[Checkpoint] wait for checkpoint service to stop during reconfig #17556

mwtian · 2024-05-07T22:20:52Z

Description

Currently during reconfig, CheckpointService tasks, including CheckpointBuilder and CheckpointAggregator, are notified to shut down. But reconfig does not wait for them to finish shutting down. There can be a race between the reconfig loop proceeding to drop the epoch db handle, while CheckpointBuilder tries to read from epoch db when creating a new checkpoint. The race can result in panics.

Test plan

CI
Simulation

Release notes

Check each box that your changes affect. If none of the boxes relate to your changes, release notes aren't required.

For each box you select, include information after the relevant heading that describes the impact of your changes that a user might notice and any actions they must take to implement updates.
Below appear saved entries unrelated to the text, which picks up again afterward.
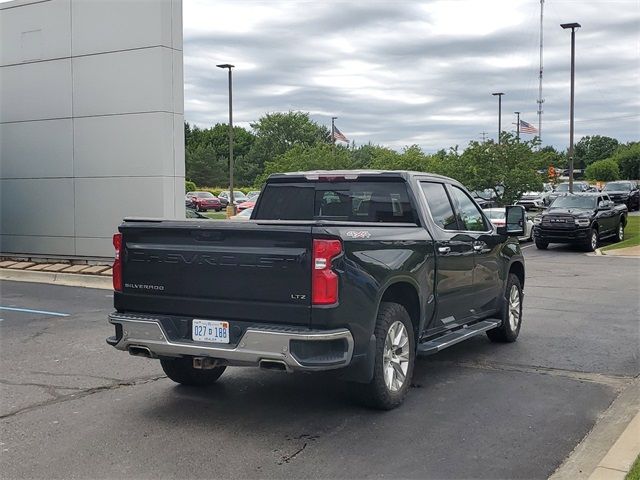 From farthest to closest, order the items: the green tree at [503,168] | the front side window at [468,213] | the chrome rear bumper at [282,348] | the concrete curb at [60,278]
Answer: the green tree at [503,168]
the concrete curb at [60,278]
the front side window at [468,213]
the chrome rear bumper at [282,348]

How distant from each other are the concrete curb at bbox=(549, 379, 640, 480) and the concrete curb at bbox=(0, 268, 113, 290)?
10138mm

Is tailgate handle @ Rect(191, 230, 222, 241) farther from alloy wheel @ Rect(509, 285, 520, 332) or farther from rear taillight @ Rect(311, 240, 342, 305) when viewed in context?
alloy wheel @ Rect(509, 285, 520, 332)

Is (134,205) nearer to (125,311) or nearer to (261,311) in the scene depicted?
(125,311)

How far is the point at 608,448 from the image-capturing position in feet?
16.8

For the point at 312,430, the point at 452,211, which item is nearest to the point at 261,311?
the point at 312,430

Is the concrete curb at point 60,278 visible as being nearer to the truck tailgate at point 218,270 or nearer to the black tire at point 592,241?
the truck tailgate at point 218,270

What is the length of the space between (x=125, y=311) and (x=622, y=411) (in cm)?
416

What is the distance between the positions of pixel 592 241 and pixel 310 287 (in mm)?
19240

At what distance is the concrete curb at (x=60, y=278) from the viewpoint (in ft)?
47.0

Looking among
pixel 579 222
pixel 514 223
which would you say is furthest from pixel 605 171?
pixel 514 223

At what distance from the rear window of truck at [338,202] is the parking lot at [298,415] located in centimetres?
159

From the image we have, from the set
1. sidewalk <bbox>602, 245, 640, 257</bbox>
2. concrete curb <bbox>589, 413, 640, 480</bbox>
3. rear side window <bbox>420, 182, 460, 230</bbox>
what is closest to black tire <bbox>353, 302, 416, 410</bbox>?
rear side window <bbox>420, 182, 460, 230</bbox>

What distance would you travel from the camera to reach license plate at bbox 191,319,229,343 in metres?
5.46

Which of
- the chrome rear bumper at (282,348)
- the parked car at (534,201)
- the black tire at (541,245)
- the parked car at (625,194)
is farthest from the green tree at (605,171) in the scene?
the chrome rear bumper at (282,348) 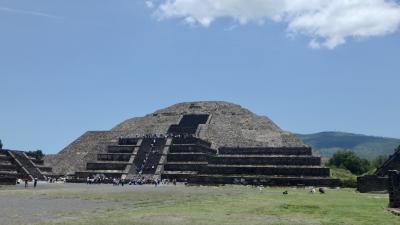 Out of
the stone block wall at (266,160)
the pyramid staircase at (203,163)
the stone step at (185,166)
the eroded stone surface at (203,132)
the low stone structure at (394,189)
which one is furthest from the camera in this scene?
the eroded stone surface at (203,132)

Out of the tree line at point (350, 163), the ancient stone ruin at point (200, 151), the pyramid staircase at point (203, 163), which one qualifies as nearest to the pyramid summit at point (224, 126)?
the ancient stone ruin at point (200, 151)

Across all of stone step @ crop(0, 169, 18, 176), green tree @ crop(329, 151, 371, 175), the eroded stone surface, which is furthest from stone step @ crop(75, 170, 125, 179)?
green tree @ crop(329, 151, 371, 175)

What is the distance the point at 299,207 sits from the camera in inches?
866

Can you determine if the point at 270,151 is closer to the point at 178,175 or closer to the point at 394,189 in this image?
the point at 178,175

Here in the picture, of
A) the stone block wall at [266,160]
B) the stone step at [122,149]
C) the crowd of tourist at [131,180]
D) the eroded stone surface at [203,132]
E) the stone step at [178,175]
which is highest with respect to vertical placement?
the eroded stone surface at [203,132]

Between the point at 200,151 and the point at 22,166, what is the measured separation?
77.7ft

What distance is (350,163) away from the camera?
76.9 meters

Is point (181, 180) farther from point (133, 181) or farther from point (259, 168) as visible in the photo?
point (259, 168)

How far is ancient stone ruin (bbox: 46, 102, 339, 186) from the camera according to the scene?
5322 centimetres

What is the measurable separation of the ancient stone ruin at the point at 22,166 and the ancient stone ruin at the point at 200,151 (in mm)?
4469

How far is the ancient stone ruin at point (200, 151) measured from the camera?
175 ft

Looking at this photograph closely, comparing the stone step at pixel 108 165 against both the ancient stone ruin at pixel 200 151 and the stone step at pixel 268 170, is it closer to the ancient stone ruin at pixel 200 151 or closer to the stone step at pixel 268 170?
the ancient stone ruin at pixel 200 151

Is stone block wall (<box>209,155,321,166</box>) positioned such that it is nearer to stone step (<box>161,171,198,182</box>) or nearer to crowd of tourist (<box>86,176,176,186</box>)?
stone step (<box>161,171,198,182</box>)

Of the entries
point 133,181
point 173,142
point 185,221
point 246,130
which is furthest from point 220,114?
point 185,221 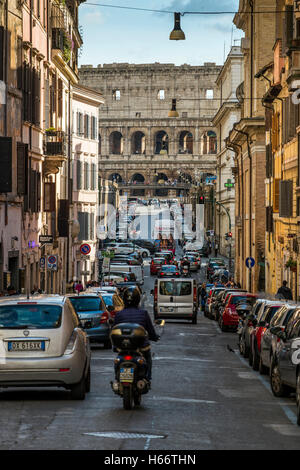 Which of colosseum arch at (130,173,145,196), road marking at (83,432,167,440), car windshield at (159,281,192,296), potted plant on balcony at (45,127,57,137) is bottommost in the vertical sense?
road marking at (83,432,167,440)

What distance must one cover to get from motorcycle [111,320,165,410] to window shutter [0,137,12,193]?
1801 cm

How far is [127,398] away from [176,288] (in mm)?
28059

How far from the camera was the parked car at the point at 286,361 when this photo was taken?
13.6 m

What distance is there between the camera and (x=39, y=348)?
13344 millimetres

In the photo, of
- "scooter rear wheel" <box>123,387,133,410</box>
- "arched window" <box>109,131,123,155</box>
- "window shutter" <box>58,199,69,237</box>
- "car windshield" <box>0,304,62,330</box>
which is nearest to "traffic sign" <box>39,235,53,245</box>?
"window shutter" <box>58,199,69,237</box>

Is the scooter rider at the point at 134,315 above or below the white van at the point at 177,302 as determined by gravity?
above

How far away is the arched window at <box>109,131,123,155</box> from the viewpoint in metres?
182

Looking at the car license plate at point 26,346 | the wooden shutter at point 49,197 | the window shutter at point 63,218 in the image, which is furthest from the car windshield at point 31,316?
the window shutter at point 63,218

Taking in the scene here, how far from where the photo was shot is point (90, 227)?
2499 inches

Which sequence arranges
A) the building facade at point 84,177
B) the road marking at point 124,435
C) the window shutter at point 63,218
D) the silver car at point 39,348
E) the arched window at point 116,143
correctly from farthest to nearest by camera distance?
the arched window at point 116,143, the building facade at point 84,177, the window shutter at point 63,218, the silver car at point 39,348, the road marking at point 124,435

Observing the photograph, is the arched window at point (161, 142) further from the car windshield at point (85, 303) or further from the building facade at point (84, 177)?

vercel · 2024-05-07T22:20:55Z

The latest updates on your projects. Learn more about Vercel for Git ↗︎

Name	Status	Preview	Comments	Updated (UTC)
sui-docs	✅ Ready (Inspect)	Visit Preview	💬 Add feedback	Oct 18, 2024 4:42am

3 Skipped Deployments

Name	Status	Preview	Updated (UTC)
multisig-toolkit	⬜️ Ignored (Inspect)	Visit Preview	Oct 18, 2024 4:42am
sui-kiosk	⬜️ Ignored (Inspect)	Visit Preview	Oct 18, 2024 4:42am
sui-typescript-docs	⬜️ Ignored (Inspect)	Visit Preview	Oct 18, 2024 4:42am

halfprice · 2024-05-10T18:39:42Z

Discussed this with @mwtian in the office the other day. Can we make sure it is actually safe to cancel make_checkpoint and aggregator's run_and_notify, and won't leave inconsistent state in the memory? Maybe consider using fail_points to cancel these tasks while it is running, and see if it causes any errors.

mystenmark · 2024-05-10T21:21:23Z

Discussed this with @mwtian in the office the other day. Can we make sure it is actually safe to cancel make_checkpoint and aggregator's run_and_notify, and won't leave inconsistent state in the memory? Maybe consider using fail_points to cancel these tasks while it is running, and see if it causes any errors.

I had the same question. It might be better to keep the pre-existing graceful shutdown logic, and do a while join_set.join_next().is_some() to wait for shutdown to complete

mwtian · 2024-05-10T21:56:43Z

I was thinking that if canceling checkpoint creation is problematic, panic would cause inconsistency as well which I have not observed. The in-memory data seems per epoch and they do not seem to be concurrently accessed. I will add a fail point and if there is a strong preference, I will add the wait for processing to finish.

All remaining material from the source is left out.